Source: www.freshinfo.com – Fri 24 Oct 08
UK supermarkets are squeezing suppliers as they try to increase their margins and maintain value in the eyes of consumers.
Tesco has led the way in the last fortnight, asking suppliers to fund its bid to be Britains biggest discounter.
With more than 30 per cent of the UK retail food market, Tesco is implicitly issuing “take-it-or-leave-it” ultimatums to suppliers it claims have been making hay during food price inflation.
Tescos profit before tax for the first half of 2008 was 7 percent. The average profit margin for companies in the fruit and vegetable industry is between one and two per cent.
A Tesco spokesman said: Our customers are facing tough times as a result of the current economic slowdown and they are looking to Tesco to help. They expect us to continuously negotiate the very best deals on their behalf.
No supplier is willing to go on the record with comments for fear of immediate reprisals. some comments include:
The margin they are looking to take out of the job leaves nothing for anyone else. They say they are obliged to keep food price inflation down on behalf of consumers and the government, but in reality its the supply chain here and around the world that is doing that, said one supplier.

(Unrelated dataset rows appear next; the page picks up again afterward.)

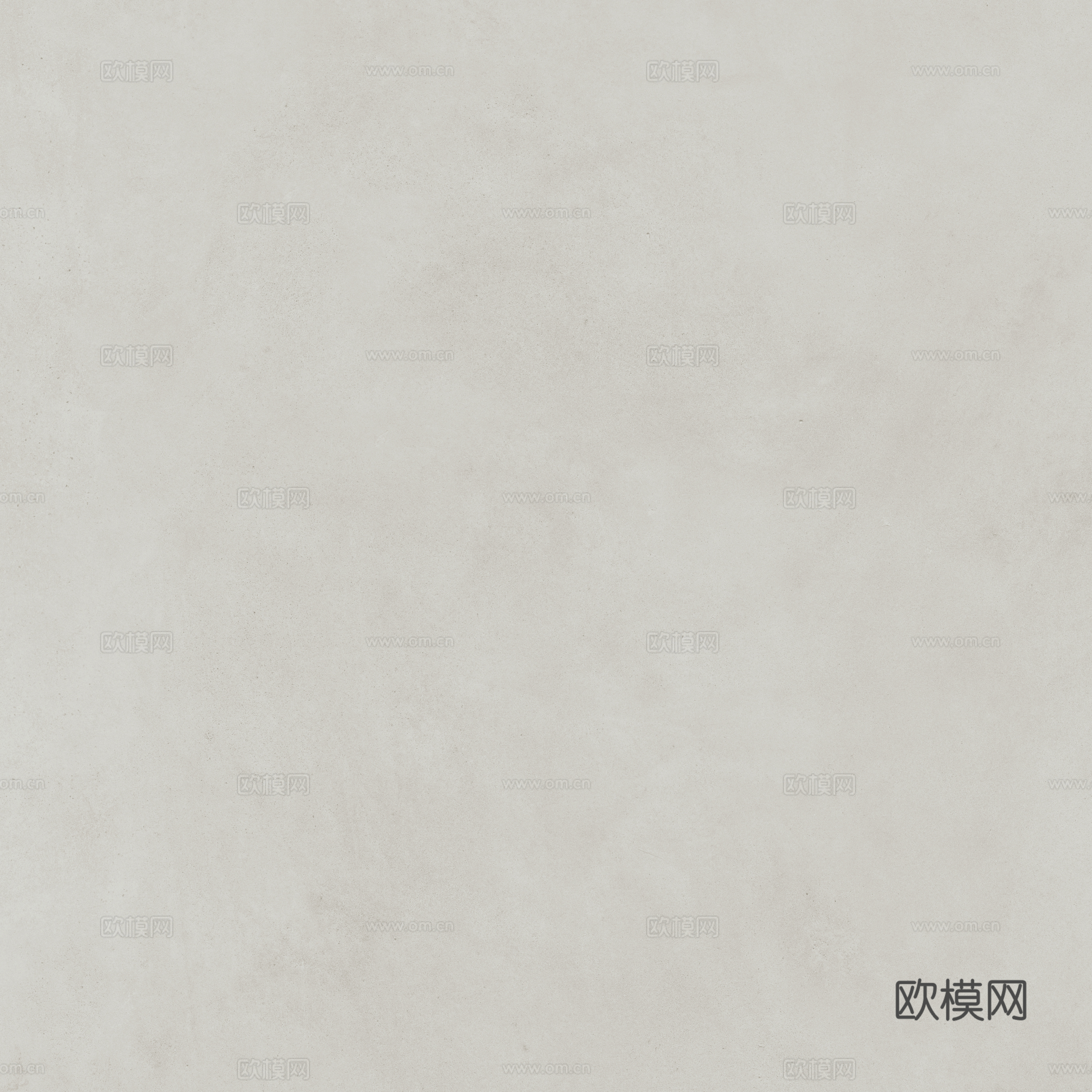 微水泥   复古肌理砖  无缝高清仿古砖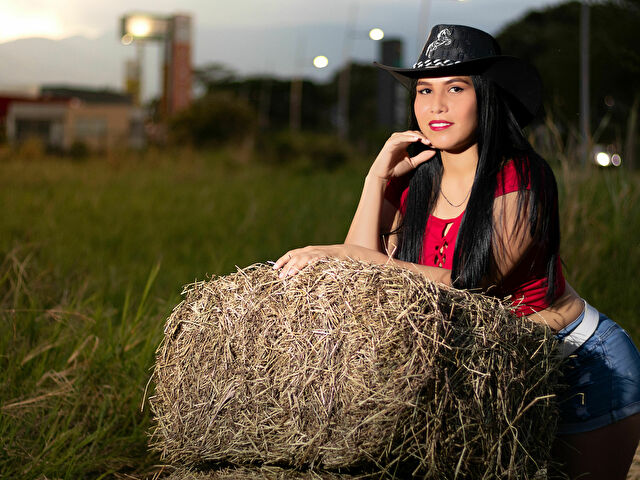 Perfil con Valenmoon - Imagen  n°11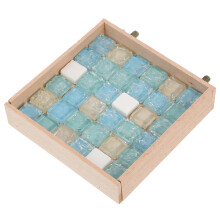 1Hamster Cooling Plate Duurzaam En Zomercomfort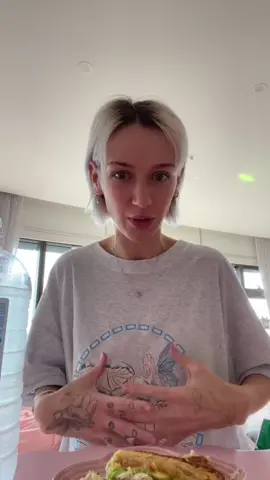 #stitch with @peach prc #sensory #neurodivergent 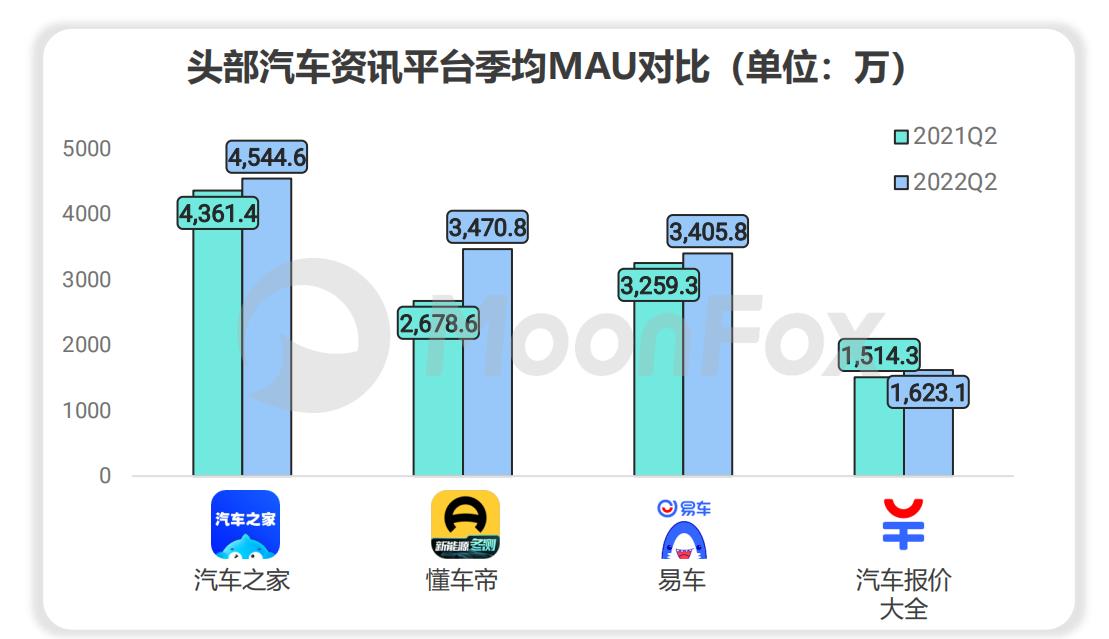 新澳门一码精准公开,数据支持策略解析_复刻款96.918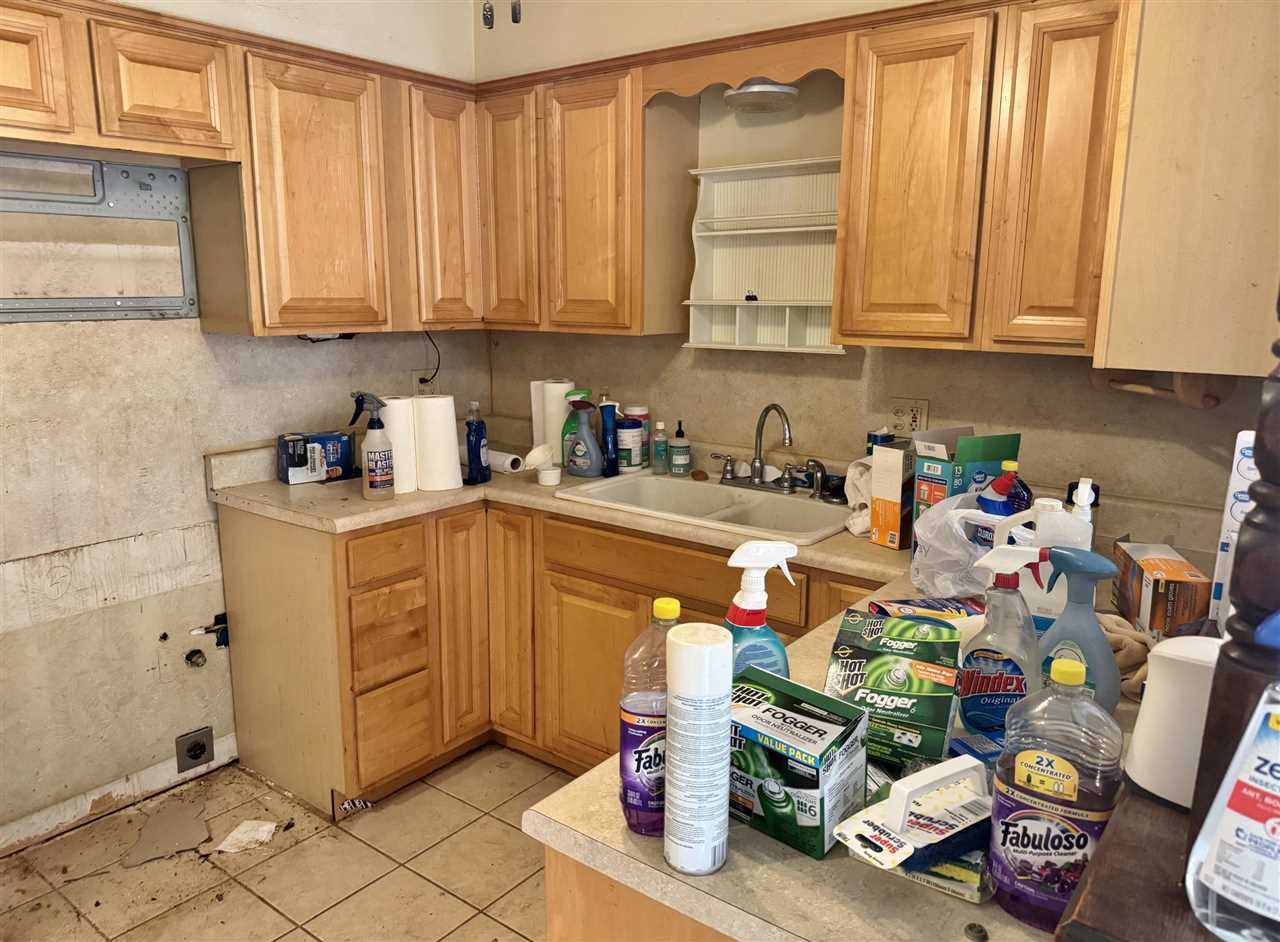 5628 NW Briarwood Ave, Lawton, OK, 73505
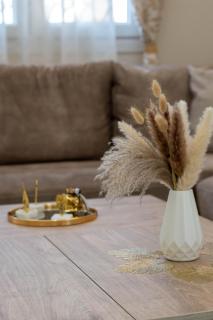 Luxury and Cozy Chios - Chios - 7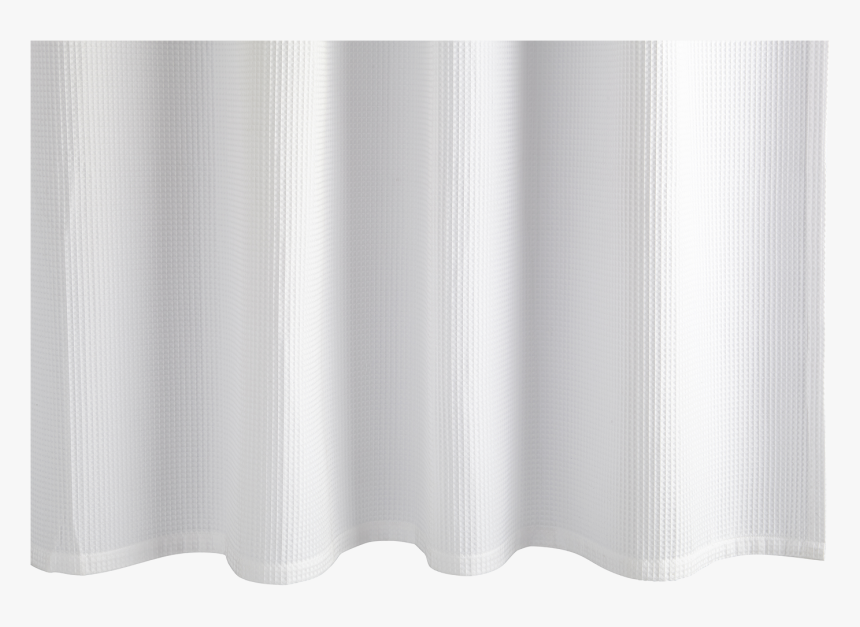 Curtain, HD Png Download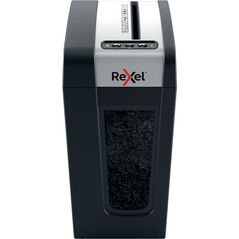 Niszczarka Rexel Secure MC4-SL P-5 7938662 5028252616942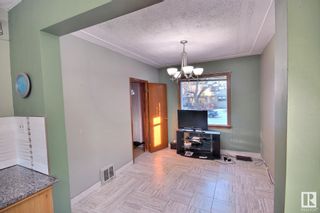 Photo 5: 13567 107A Avenue in Edmonton: Zone 07 House for sale : MLS®# E4372803
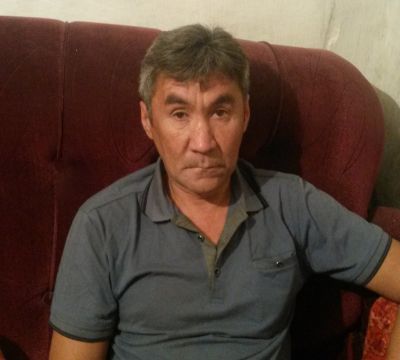 Болат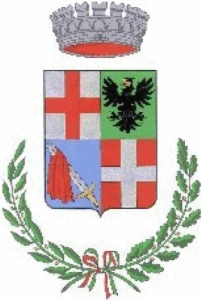 Torre d'Arese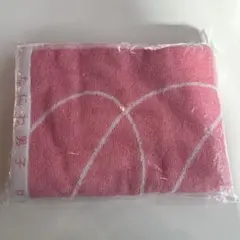 なにわ男子 Debut Tour 2022 First Loveタオル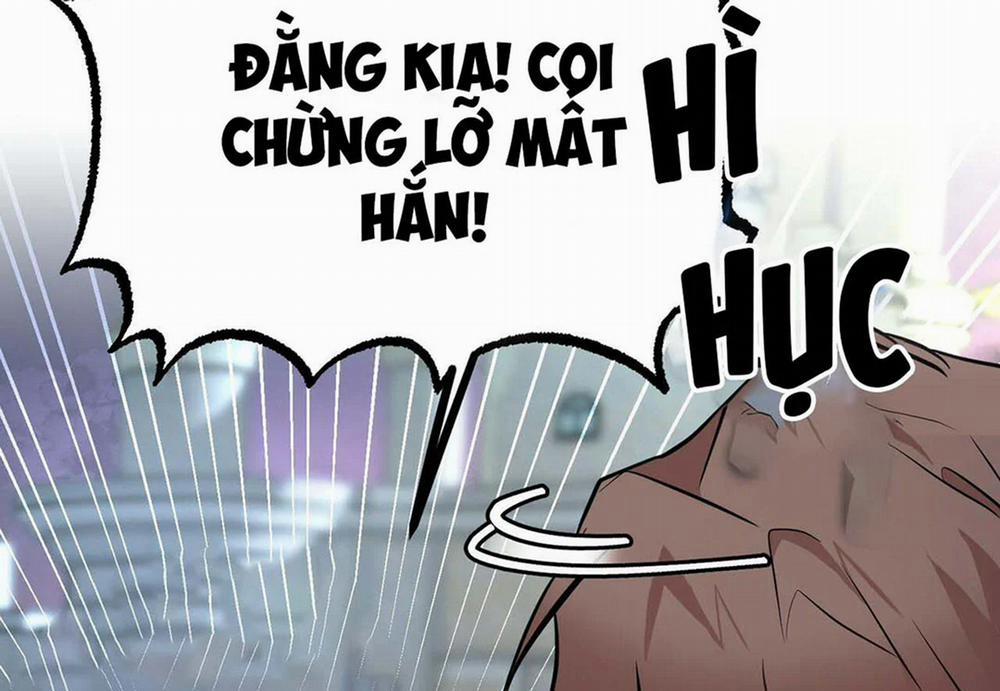 Tất Cả Phản Diện Đều Là Đồ Ngốc 16 trang 68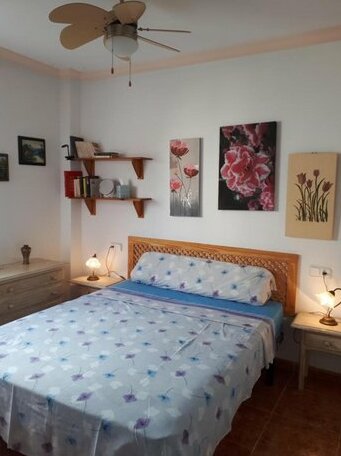 Apartment Puerto Rey - Photo2
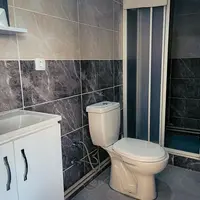 Banyo Galerisi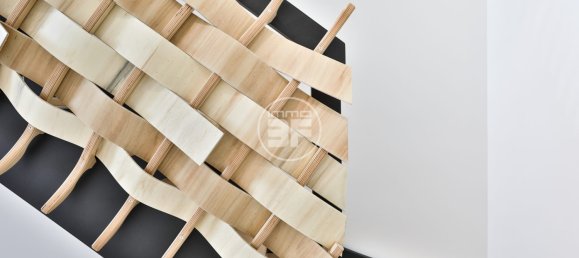 2 غرف نوم منزل ذو طابقين في Buschwiller, France رقم 228753 13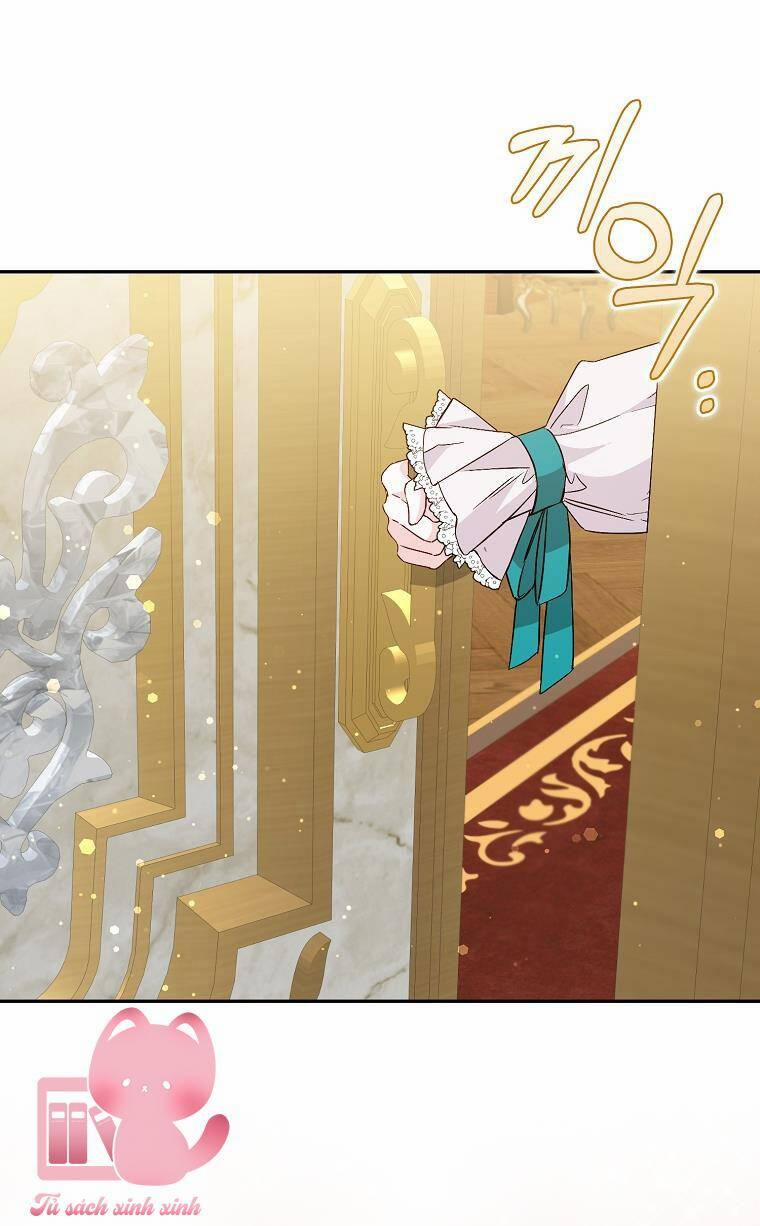 108 Cô Gái 39 trang 50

“There has been massive turnover in TESCO fresh produce staff, and its easy for new buyers to come in and butcher the supply base. They dont know the fresh produce industry, so the lowest cost becomes the best deal, irrespective of the quality or service on offer.
They will only care when the last fall guy stops wanting to … or simply cannot supply them any more. As long as they have product, the growers are not important.